▶ [Activity] Would you find each line in the entries below with the string "Gray" and copy it?

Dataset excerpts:
========================

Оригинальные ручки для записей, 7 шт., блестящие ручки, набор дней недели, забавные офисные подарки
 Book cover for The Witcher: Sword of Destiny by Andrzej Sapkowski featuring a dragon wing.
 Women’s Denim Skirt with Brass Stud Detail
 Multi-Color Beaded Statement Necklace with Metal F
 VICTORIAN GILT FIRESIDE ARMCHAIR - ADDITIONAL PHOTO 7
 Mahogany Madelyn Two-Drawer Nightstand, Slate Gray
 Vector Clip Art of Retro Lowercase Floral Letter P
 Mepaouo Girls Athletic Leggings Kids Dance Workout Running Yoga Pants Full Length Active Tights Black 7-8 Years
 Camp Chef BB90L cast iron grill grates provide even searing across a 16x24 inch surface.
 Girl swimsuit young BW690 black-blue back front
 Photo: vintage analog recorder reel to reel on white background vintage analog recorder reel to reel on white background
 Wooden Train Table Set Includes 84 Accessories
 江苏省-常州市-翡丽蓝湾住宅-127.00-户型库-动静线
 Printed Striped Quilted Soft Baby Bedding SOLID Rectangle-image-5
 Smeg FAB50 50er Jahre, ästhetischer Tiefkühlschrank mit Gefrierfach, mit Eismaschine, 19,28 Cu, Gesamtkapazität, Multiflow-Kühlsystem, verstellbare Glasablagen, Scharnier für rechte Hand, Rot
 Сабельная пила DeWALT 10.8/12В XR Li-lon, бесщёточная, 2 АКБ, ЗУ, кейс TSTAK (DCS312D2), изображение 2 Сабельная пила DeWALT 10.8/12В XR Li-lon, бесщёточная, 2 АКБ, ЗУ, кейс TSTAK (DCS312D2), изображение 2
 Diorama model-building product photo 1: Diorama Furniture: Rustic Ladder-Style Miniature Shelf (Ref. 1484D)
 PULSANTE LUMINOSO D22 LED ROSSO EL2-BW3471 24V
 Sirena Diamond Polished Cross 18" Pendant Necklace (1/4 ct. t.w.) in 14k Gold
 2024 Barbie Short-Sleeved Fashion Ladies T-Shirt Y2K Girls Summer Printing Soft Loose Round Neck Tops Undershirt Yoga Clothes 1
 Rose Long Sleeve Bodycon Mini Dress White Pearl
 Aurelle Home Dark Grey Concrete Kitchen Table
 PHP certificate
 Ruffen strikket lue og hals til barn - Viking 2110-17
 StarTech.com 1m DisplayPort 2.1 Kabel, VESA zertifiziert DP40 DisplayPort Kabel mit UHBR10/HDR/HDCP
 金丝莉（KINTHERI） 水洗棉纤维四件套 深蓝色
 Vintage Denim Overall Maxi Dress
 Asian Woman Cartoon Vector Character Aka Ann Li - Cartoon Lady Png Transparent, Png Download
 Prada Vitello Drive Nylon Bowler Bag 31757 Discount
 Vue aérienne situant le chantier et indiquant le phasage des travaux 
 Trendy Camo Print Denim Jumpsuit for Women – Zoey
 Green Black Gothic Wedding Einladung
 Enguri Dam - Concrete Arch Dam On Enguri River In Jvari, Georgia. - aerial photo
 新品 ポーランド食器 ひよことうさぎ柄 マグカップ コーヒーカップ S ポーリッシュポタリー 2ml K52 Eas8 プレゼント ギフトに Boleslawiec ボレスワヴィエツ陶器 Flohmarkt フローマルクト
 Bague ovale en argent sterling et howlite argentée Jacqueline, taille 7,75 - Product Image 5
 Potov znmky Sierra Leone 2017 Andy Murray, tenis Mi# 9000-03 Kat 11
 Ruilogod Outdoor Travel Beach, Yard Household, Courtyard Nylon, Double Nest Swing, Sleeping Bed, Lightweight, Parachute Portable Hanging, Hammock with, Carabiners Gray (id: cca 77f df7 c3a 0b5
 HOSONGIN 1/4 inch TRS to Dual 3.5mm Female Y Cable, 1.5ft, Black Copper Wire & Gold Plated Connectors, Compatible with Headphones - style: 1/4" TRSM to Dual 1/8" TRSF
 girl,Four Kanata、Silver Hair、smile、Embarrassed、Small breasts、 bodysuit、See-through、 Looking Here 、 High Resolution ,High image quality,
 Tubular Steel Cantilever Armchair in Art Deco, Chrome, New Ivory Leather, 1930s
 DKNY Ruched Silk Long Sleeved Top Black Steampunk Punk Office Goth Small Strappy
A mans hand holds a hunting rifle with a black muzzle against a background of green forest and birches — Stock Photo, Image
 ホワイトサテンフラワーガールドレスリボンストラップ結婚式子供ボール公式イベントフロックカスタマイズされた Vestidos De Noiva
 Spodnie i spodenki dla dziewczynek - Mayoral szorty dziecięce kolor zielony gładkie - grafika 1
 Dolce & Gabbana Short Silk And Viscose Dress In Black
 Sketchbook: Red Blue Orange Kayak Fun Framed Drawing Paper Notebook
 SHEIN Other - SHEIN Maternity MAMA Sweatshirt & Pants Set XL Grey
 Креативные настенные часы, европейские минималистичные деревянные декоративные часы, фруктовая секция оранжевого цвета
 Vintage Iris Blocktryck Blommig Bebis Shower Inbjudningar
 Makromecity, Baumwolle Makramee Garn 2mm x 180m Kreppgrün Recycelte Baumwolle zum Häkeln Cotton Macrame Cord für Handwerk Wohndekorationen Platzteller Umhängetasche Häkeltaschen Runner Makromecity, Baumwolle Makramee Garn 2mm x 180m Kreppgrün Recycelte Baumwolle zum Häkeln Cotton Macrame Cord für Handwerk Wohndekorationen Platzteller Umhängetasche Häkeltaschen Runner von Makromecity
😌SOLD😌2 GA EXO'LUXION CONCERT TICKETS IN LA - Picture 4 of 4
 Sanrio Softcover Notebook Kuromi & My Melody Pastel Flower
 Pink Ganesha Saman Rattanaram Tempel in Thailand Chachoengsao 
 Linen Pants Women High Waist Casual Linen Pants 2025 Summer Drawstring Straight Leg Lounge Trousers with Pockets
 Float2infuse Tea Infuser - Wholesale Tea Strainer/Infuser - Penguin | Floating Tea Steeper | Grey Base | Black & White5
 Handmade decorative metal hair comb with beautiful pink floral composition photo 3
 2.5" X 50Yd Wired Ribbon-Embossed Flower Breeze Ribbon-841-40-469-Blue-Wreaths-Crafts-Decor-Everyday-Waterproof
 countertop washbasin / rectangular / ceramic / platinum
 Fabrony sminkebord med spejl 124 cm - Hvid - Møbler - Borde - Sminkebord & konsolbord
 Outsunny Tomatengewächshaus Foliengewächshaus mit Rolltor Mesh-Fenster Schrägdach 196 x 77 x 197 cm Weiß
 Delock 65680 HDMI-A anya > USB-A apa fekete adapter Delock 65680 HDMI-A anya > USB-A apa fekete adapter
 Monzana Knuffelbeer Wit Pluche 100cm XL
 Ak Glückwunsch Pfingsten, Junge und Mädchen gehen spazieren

========================

▶ [Exercise result]
 Mahogany Madelyn Two-Drawer Nightstand, Slate Gray
 Ruilogod Outdoor Travel Beach, Yard Household, Courtyard Nylon, Double Nest Swing, Sleeping Bed, Lightweight, Parachute Portable Hanging, Hammock with, Carabiners Gray (id: cca 77f df7 c3a 0b5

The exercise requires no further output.